Claireville Conservation Area is an 848-hectare parcel of conservation land located on the west branch of the Humber River. When we visited, the ice had already melted from the surface of the various waterways given the warmer spring temperatures over the previous week or so.
The landscape of the park is diverse and includes numerous creeks and ravines, flat plains, and rolling hills that all combine to enrich the forested landscape. It seemed quite wild in the isolation of some areas.
Can you spot the Eastern Coyote in this photograph? The colour of its fur blends amazingly well with the tawny shades of the dead grass and bare branches.
In this photo, the contours of the coyote’s body can be distinguished a little more easily. Tracking the coyote’s movements through my camera lens was a challenge because it blended in so well with the landscape.
Claireville Conservation Area was abuzz with other like-minded people – those wanting to get out and enjoy the very warm and sunny day. Many visitors had brought along their dogs, which didn’t go unnoticed by the Eastern Coyote.
When a couple of the dogs caught sight of the coyote, they started barking madly. The coyote then headed off in the opposite direction, mounting a small ridge topped with a stand of evergreen trees.
In this video that Bob filmed, the dogs are barking frantically, which gains the attention of the coyote.
Eastern Coyotes have a rather grizzled appearance, with blackish, brownish, reddish and tawny patches of fur, and a creamy to white-coloured throat and chest. Coyotes are smaller than wolves.
Apparently, in this same conservation area, people have seen one very large coyote that has a black coat. It would be much easier to spot in among the bare bushes, but we never came across it that day.
The camouflage provided by the coyote’s fur really emphasized how an animal can disappear right before your eyes.
Unlike a wolf, a coyote has a bushy, thick tail that it holds low to the ground, although, when running, coyotes keep their puffy tails held straight, angling them straight out or downward.
Coyotes feed mainly on smaller animals like mice and rabbits, even woodchucks and beavers, but they also will consume insects and fruit, and occasionally carrion. With the areas of wetland and forest in this conservation area, the coyotes would have a variety of animals to prey upon.
Coyotes often hunt in pairs and when together will prey on animals such as deer. Wolves, on the other hand, hunt in packs and take down mostly larger mammals like moose or deer. Judging by the abundance of deer tracks in the snow at the conservation area, I would imagine this population of coyotes has had ample food to eat over the course of the winter.
In this video that Bob filmed, the Coyote stopped in its tracks and took time to study us.
Certainly, this member of the coyote family had a thick, healthy-looking coat of fur.

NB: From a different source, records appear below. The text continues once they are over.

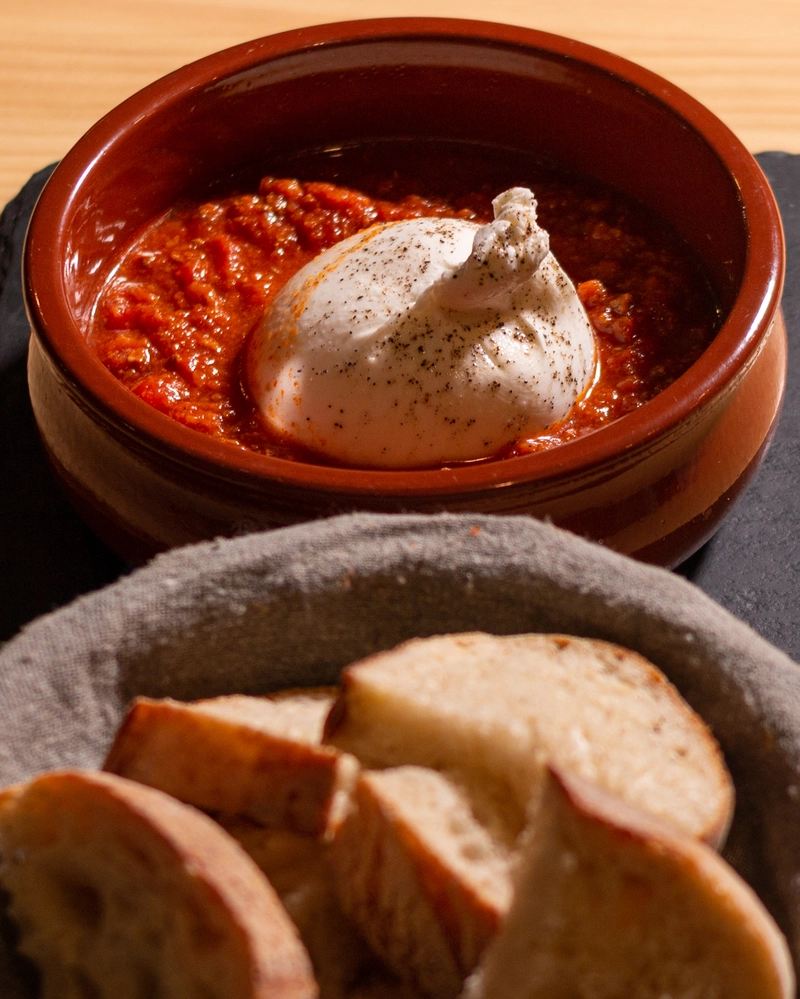 Burrata a la boloñesa 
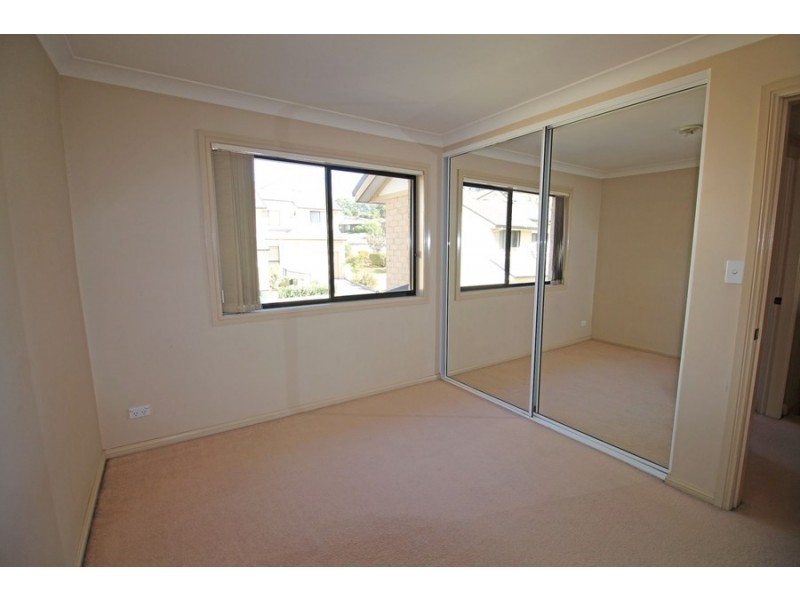 2/152 Metella Road, Toongabbie NSW 2146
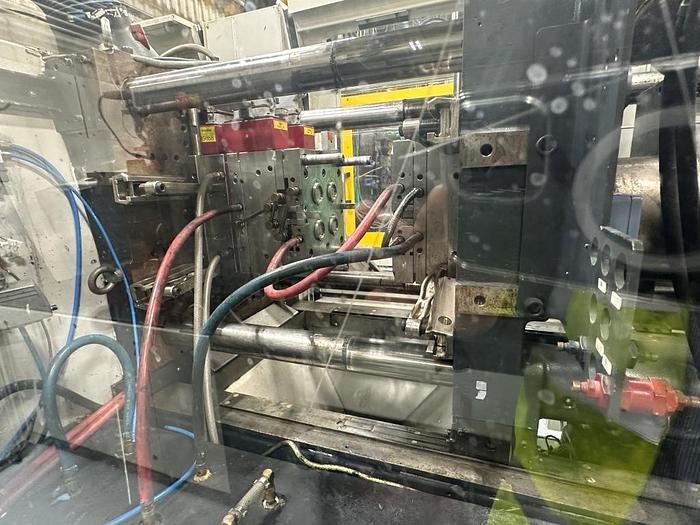 Used 1998 Demag ERGOtech System 1100-200 Injection Moulding Machine
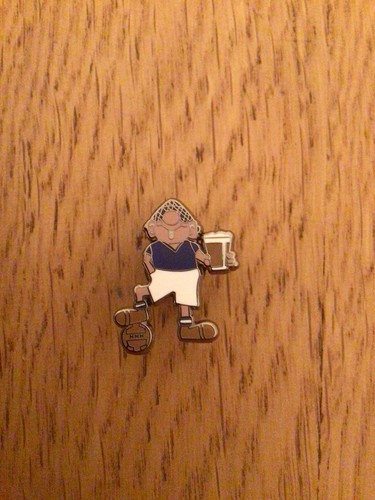 Cardiff city andy capp enamel - cardiff,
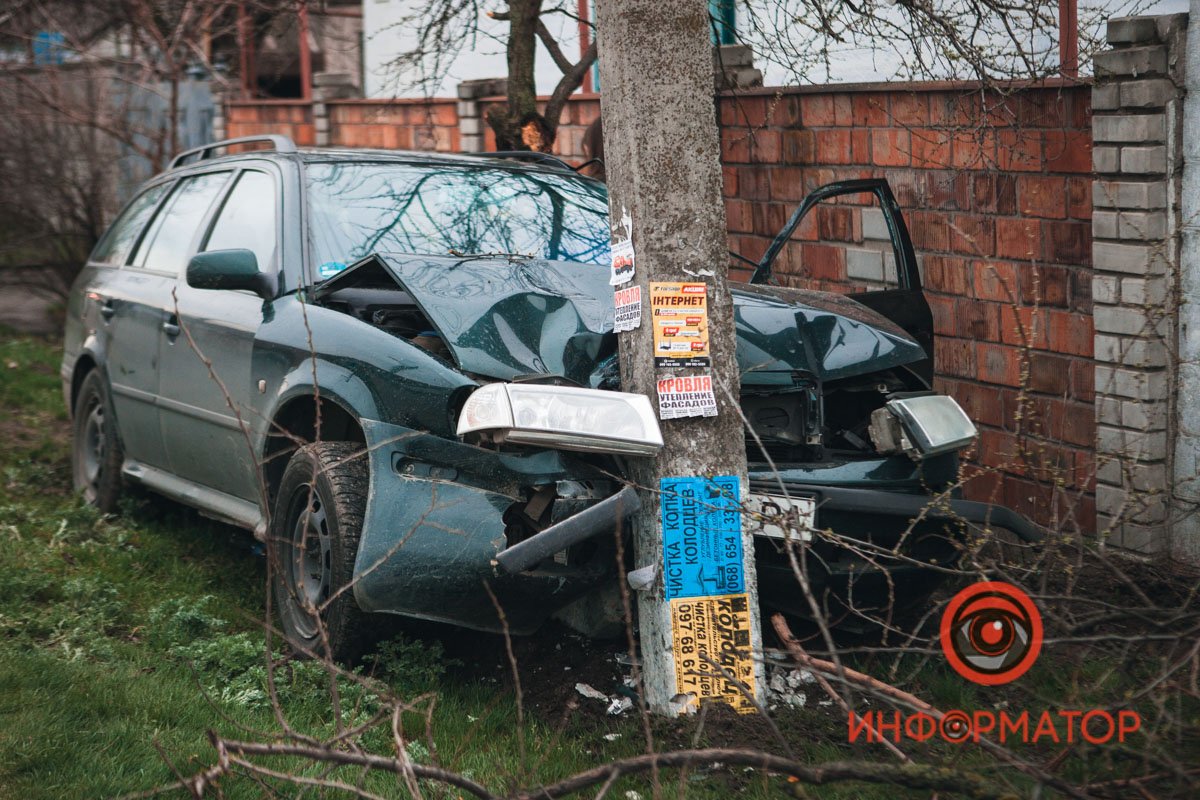 Автомобиль снес столб Автомобиль снес столб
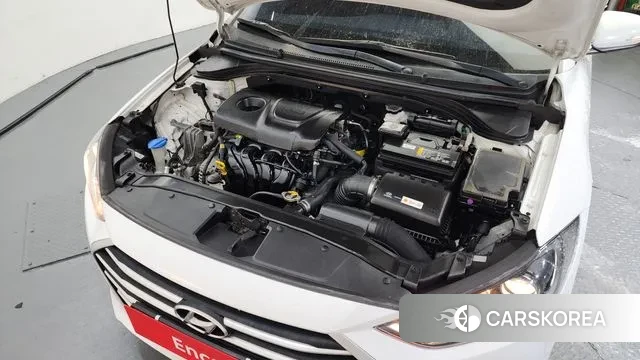 Hyundai Avante AD id 3602366 из Кореи 16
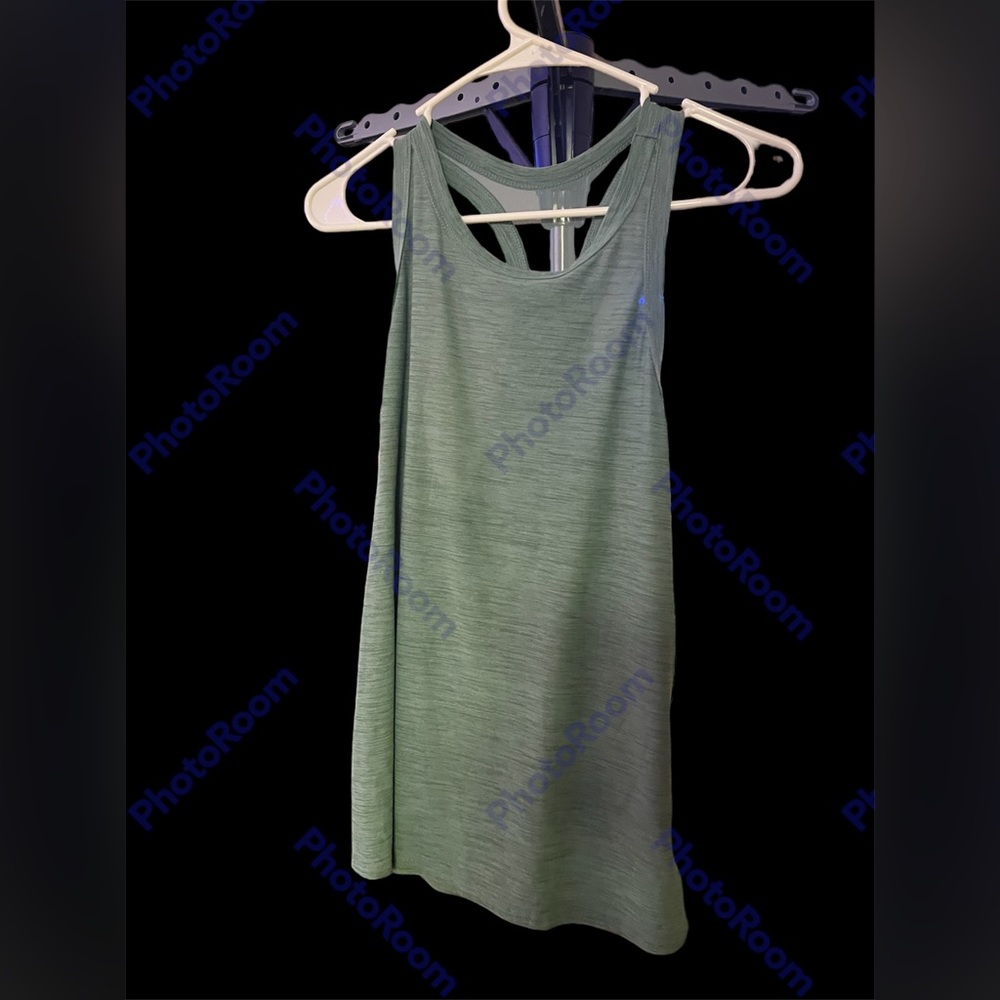 NWOT Old Navy Active Breathe On Shirt in Green - Size L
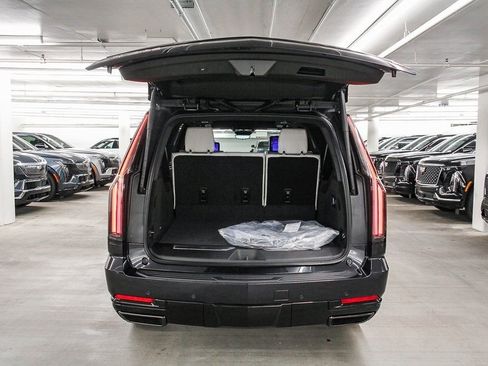 New 2026 Cadillac Escalade ESV Platinum Sport image 28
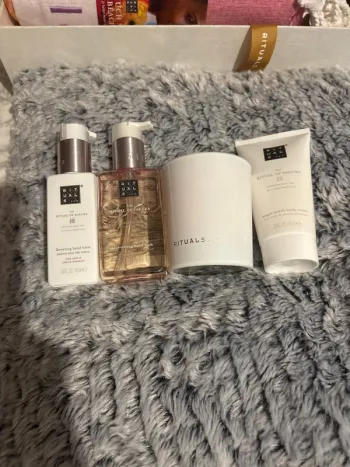 Lot de 4 produits rituals of Sakura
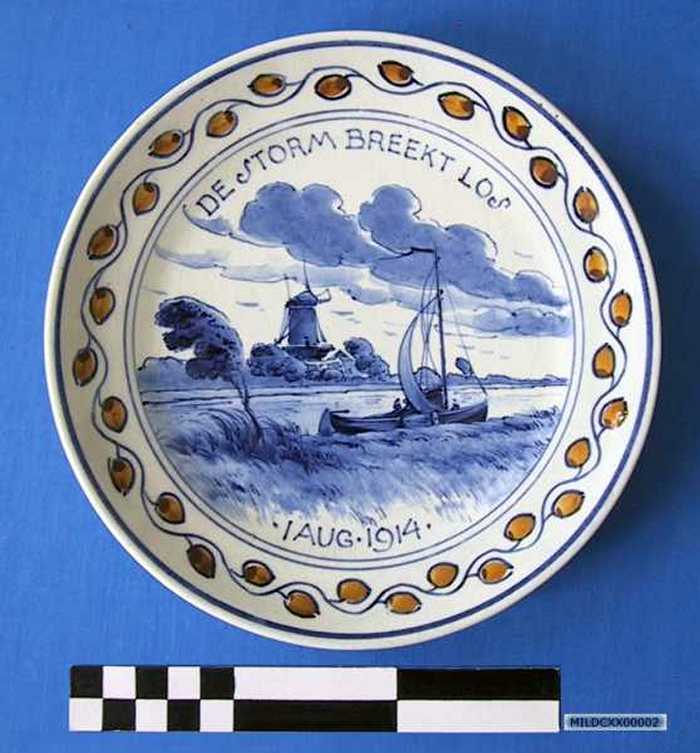 Sierbord in keramiek met afbeelding van een landschap, `DE STORM BREEKT LOS - 1 AUG 1914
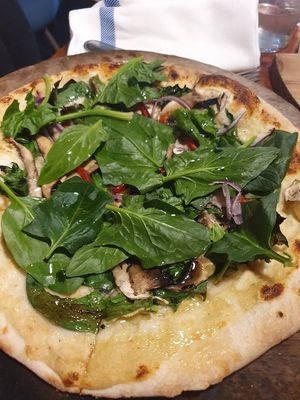 Vegan pizza at Farina - Roma in Mexico City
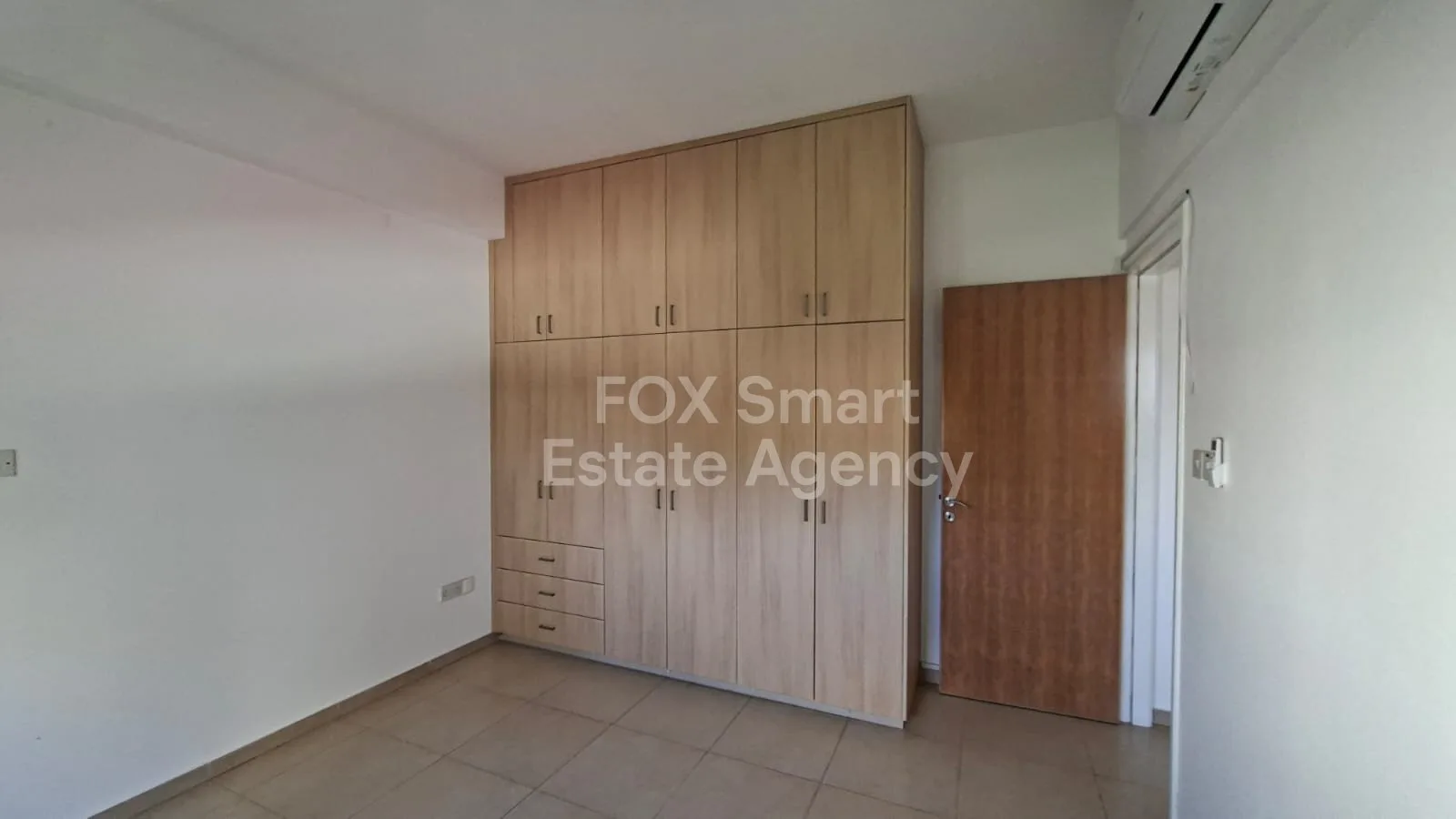Property 55067 Paphos, Paphos / LIM-PAF-31782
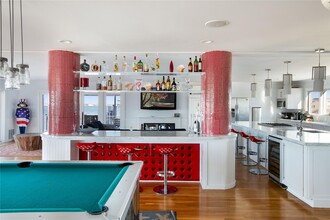 570 Dune Rd in Westhampton Beach, NY - Foto de edificio - Building Photo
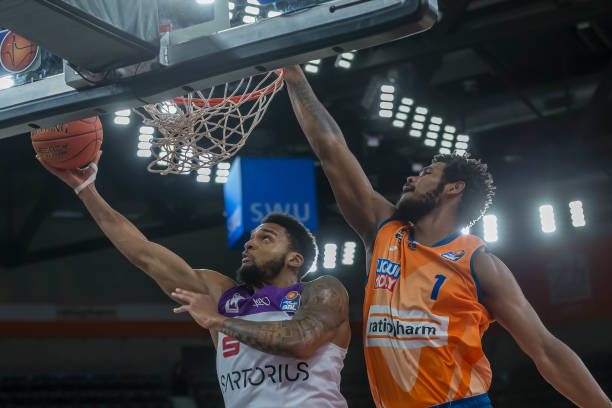 展现出罕见 展现出罕见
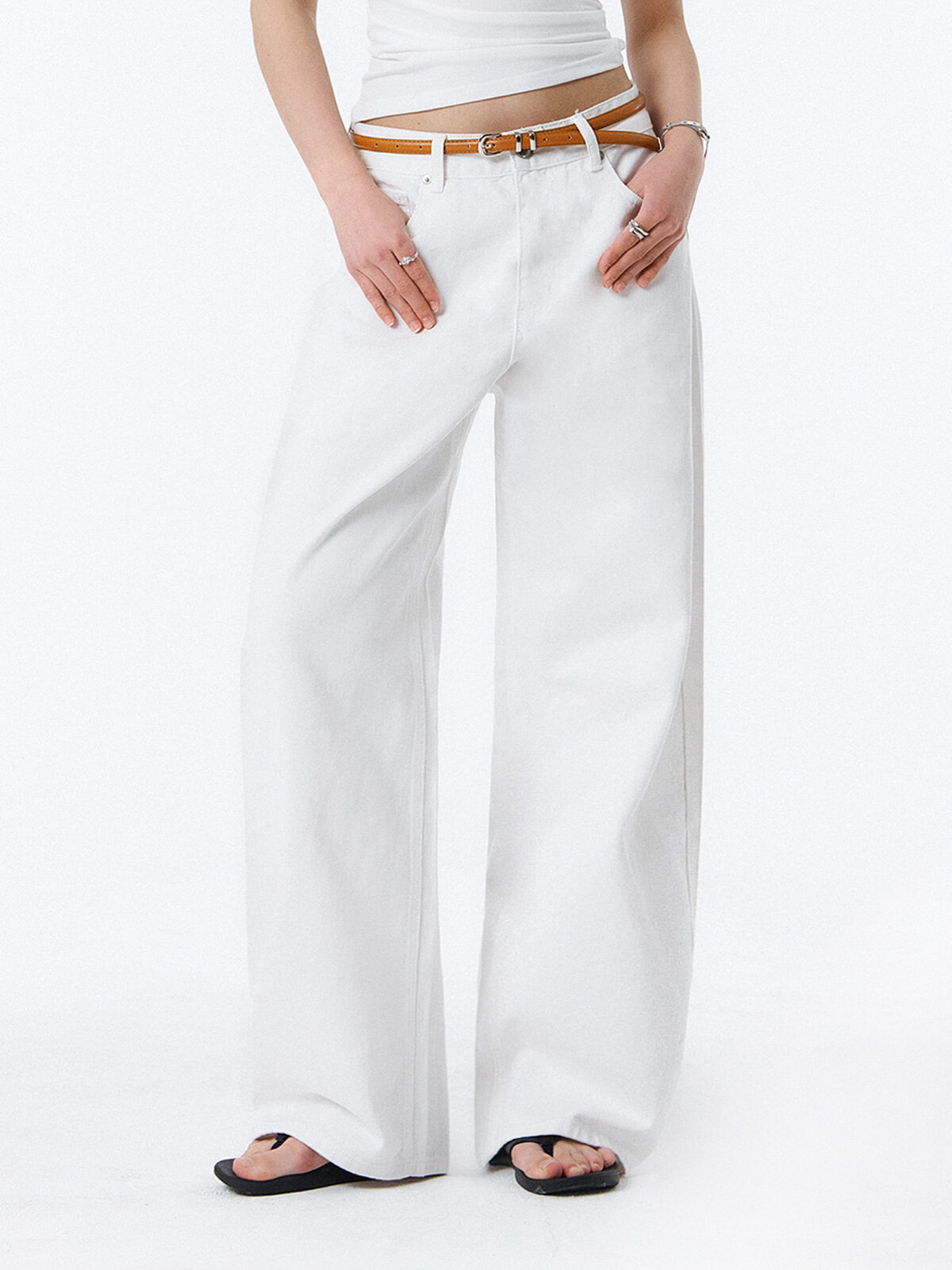 BTB : COMFY JEANS SOFT WHITE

Coyotes have longer ears and a more pointed nose than wolves, and their legs are noticeably thinner and shorter.
Bob and I tracked the coyote for about a half hour as it wove its way through long grass, under bare bushes and beneath evergreen boughs. As it finally melded into the underbrush, we remarked on the similarity to our experience in South Africa where a lion strolled almost unseen through the tall grass of the savannah in Kruger National Park.